_The problem:_
Each line below that contains the word "Kids" is to be counted; give only the final number.

-.-.-

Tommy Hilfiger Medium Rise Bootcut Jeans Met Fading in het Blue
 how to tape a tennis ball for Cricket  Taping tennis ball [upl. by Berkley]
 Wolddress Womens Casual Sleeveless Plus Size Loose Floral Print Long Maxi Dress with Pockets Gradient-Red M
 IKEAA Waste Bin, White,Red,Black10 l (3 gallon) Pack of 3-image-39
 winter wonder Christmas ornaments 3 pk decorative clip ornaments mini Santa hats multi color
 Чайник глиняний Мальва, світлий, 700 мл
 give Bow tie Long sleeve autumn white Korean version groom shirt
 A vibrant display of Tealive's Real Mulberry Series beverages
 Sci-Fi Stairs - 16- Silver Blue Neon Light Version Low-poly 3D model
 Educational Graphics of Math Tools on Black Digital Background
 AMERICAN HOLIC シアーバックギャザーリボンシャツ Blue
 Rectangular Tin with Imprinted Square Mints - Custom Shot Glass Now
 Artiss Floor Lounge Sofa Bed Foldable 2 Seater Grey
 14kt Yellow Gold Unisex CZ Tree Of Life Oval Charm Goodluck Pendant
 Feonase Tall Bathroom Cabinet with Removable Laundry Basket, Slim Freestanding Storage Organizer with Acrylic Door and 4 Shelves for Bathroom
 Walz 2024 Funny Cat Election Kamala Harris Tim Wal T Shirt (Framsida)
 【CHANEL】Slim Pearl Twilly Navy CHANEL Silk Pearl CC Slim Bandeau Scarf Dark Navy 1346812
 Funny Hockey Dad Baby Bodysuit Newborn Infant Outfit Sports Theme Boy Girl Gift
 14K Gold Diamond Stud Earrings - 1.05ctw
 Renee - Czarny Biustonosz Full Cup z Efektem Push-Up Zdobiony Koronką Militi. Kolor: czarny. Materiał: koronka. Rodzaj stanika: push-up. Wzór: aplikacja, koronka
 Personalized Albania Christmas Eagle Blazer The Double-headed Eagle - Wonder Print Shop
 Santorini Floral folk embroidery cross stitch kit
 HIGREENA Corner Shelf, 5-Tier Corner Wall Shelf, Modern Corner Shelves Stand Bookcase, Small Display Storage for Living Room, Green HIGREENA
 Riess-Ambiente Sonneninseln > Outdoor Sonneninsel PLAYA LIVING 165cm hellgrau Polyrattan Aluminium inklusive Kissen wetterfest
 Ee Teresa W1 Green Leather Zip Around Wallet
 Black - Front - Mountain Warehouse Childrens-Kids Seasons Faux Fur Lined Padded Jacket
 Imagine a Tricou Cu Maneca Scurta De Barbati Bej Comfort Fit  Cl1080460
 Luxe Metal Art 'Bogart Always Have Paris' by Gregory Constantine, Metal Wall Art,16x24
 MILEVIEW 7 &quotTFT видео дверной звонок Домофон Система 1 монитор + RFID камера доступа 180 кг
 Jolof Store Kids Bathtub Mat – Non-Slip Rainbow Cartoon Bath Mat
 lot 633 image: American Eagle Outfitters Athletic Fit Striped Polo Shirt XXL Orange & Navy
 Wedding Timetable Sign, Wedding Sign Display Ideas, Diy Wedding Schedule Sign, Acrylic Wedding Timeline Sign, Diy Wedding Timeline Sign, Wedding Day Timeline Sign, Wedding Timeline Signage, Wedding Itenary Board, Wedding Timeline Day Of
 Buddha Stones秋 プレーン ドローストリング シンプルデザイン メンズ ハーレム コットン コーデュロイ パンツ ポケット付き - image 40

-.-.-

_Written answer:_
2